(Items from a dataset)

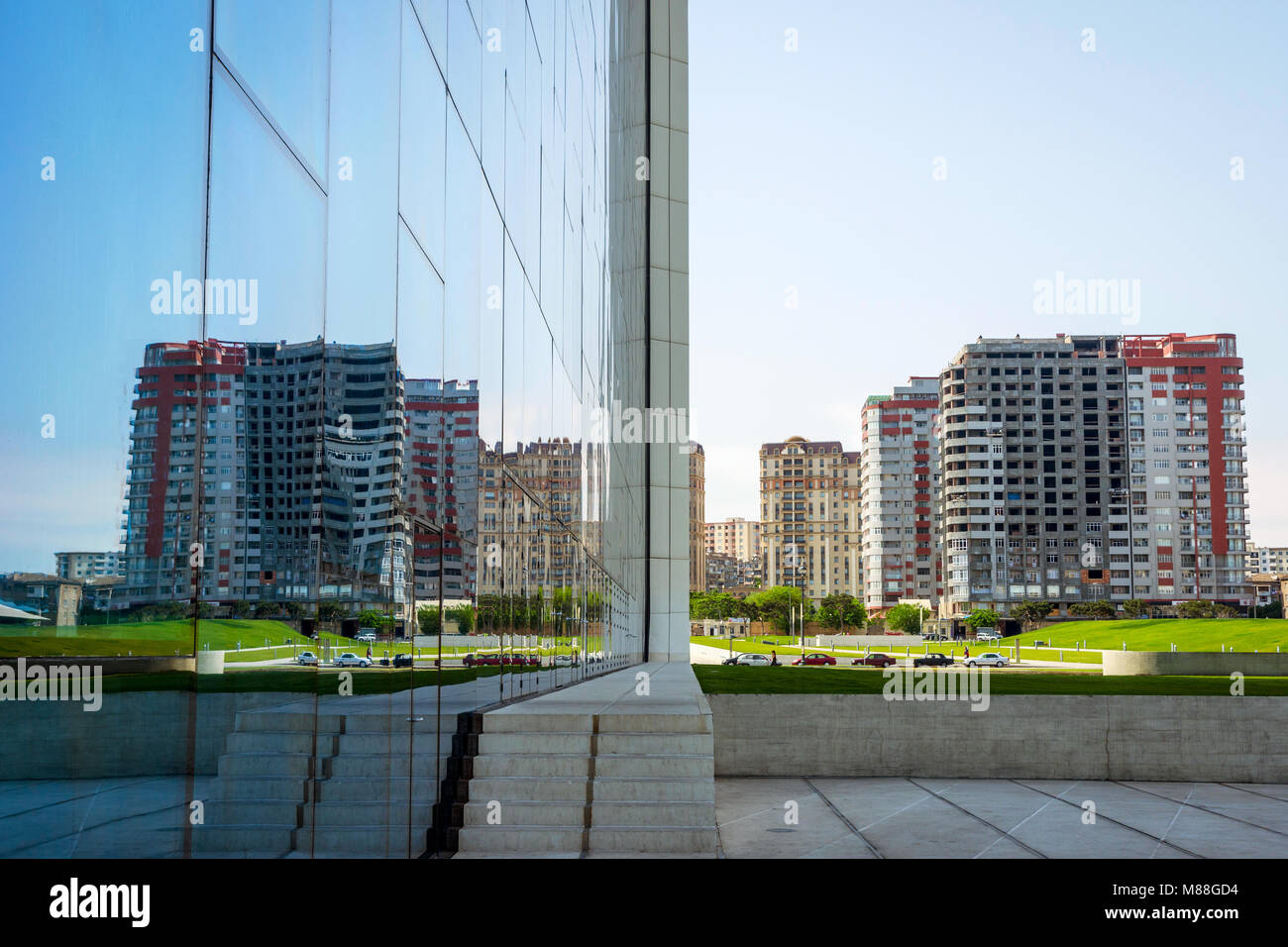 BAKU, Azerbaïdjan - 27 mai : la réflexion de la ville sur la façade de la Fondation Heydar Aliyev centre, par l'architecte Zaha Hadid. Mai 2017 Banque D'Images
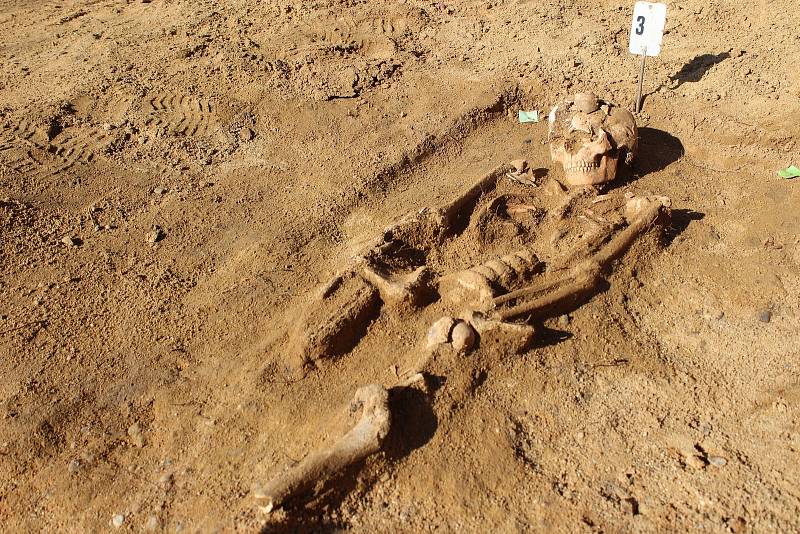 Další hroby Velkomoravanů objevili archeologové ve Starém Městě, při hloubení stavebních základů Cyrilometodějského centra  Na Valách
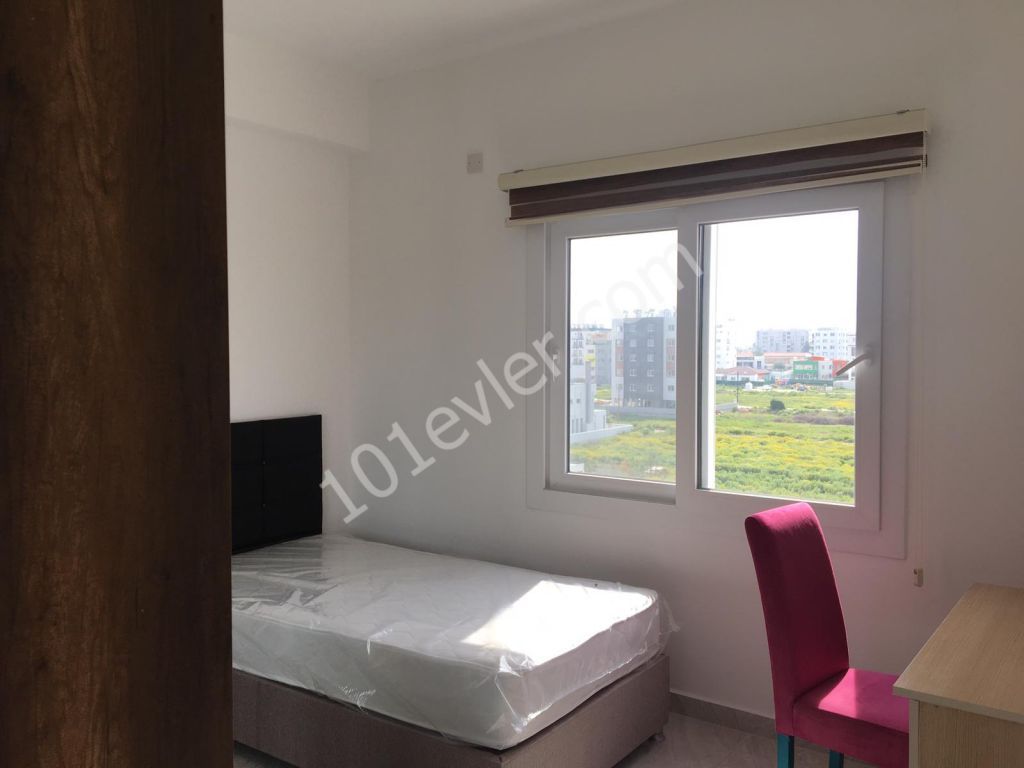 MAĞUSA ÇANAKKALE BÖLGESİNDE SIFIR KİRALIK 3+1 EŞYALI DAİRE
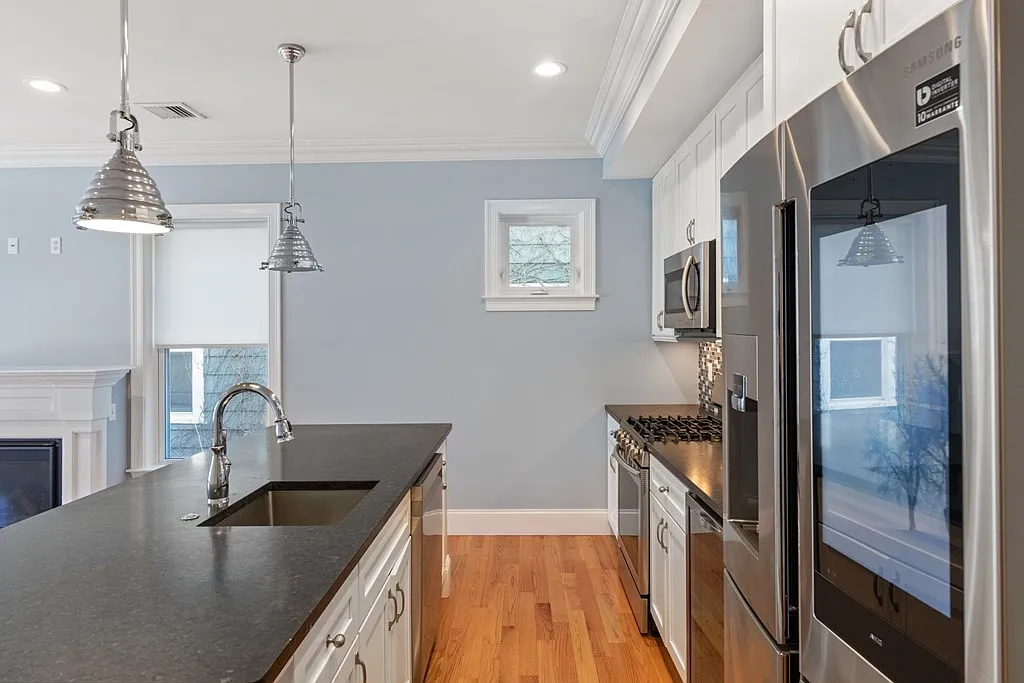 2 bed, 2.0 bath, 1045 sqft, $4,000 — Photo 1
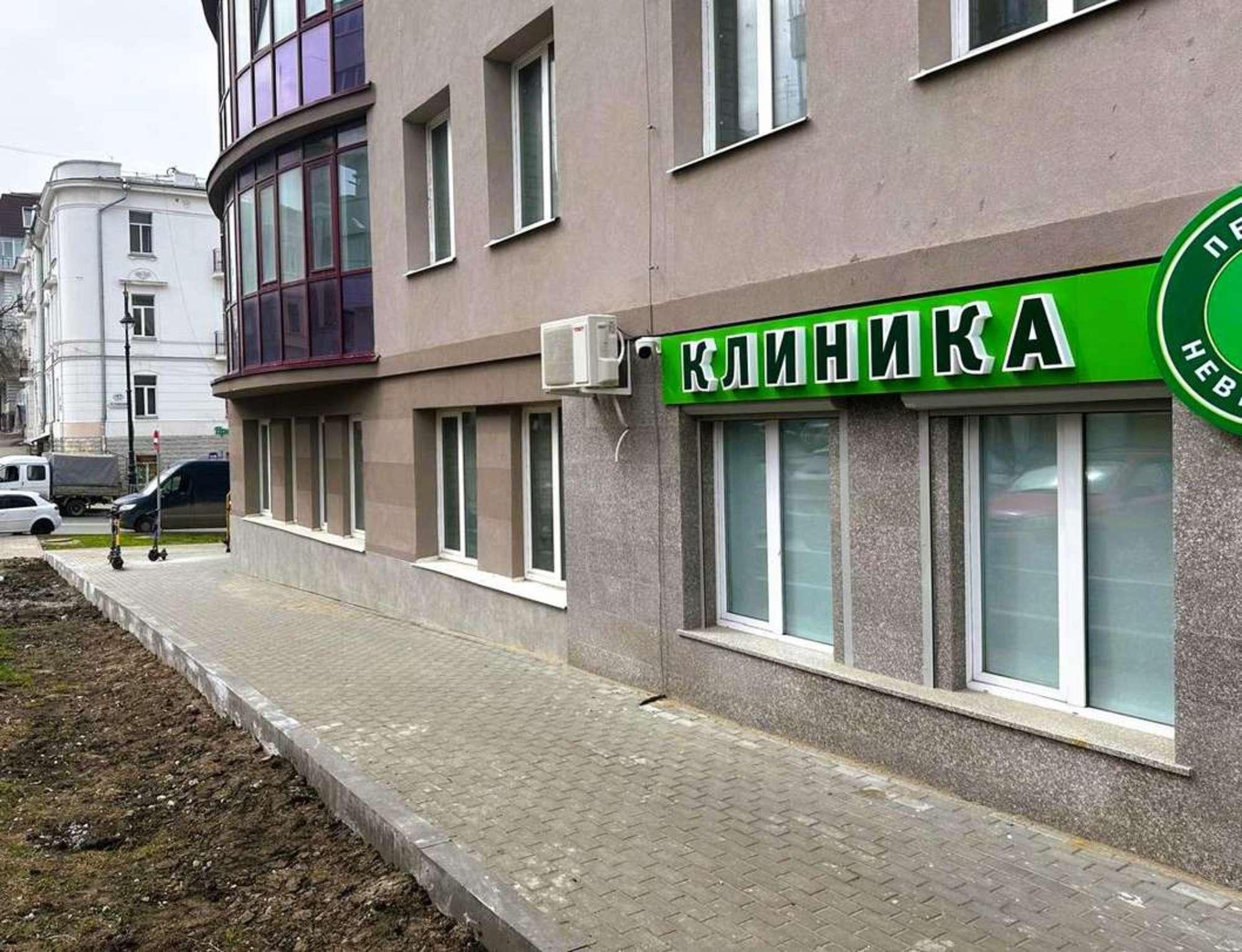 Сдать торговое помещение за 200 000 рублей на Ленинградская улица, 18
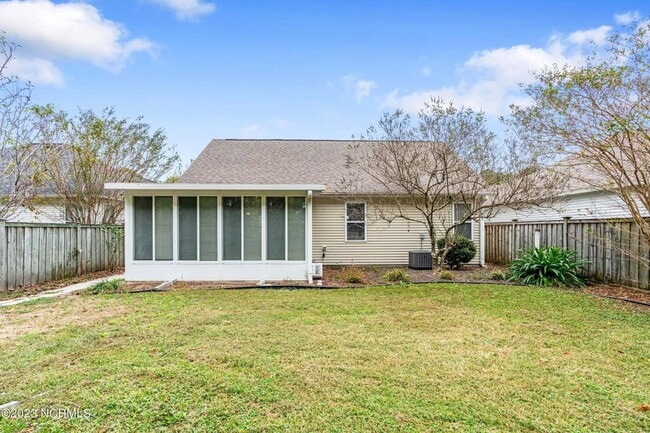 Building Photo - Home for rent with close proximity to transportation, shopping, Downtown Wilmington and restaurants.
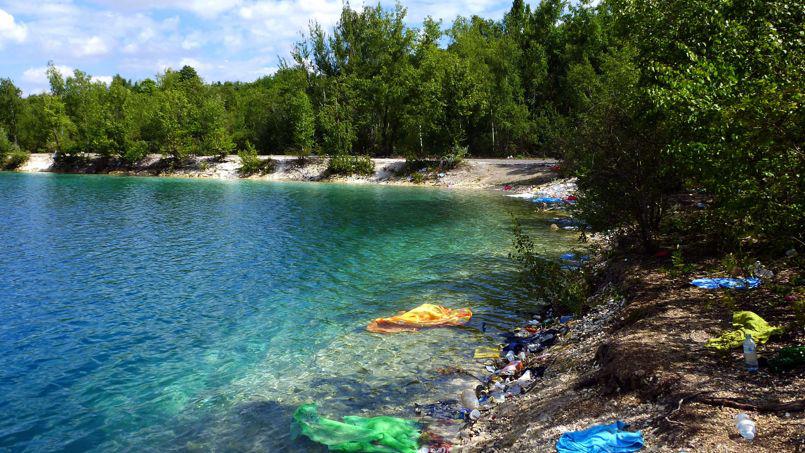 Des détritus en tout genre s'amoncellent autour du lac des ciments.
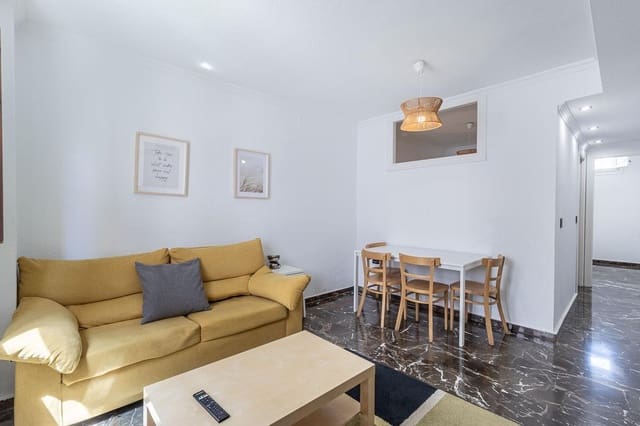 2 sovrum Lägenhet till salu i Centro, Granada stad - 275 000 € (Ref: 9804588)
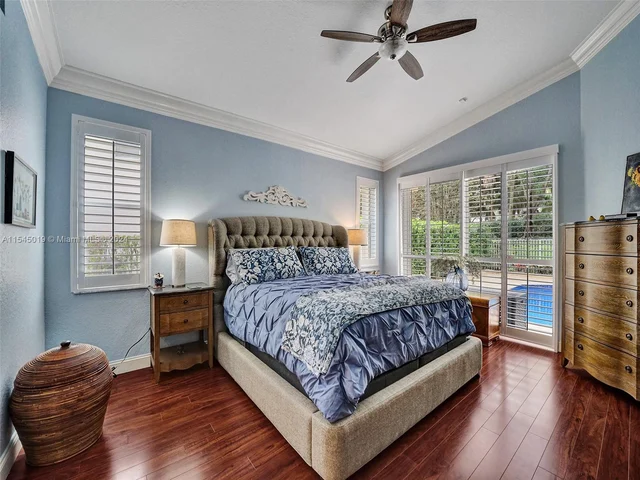 4040 Sanderling Ln, Weston FL 33331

* [Exercise]: Retype every entry above exactly and, please, skip the pictures.

* [Result of the exercise]:
 BAKU, Azerbaïdjan - 27 mai : la réflexion de la ville sur la façade de la Fondation Heydar Aliyev centre, par l'architecte Zaha Hadid. Mai 2017 Banque D'Images
 Další hroby Velkomoravanů objevili archeologové ve Starém Městě, při hloubení stavebních základů Cyrilometodějského centra  Na Valách
 MAĞUSA ÇANAKKALE BÖLGESİNDE SIFIR KİRALIK 3+1 EŞYALI DAİRE
 2 bed, 2.0 bath, 1045 sqft, $4,000 — Photo 1
 Сдать торговое помещение за 200 000 рублей на Ленинградская улица, 18
 Building Photo - Home for rent with close proximity to transportation, shopping, Downtown Wilmington and restaurants.
 Des détritus en tout genre s'amoncellent autour du lac des ciments.
 2 sovrum Lägenhet till salu i Centro, Granada stad - 275 000 € (Ref: 9804588)
 4040 Sanderling Ln, Weston FL 33331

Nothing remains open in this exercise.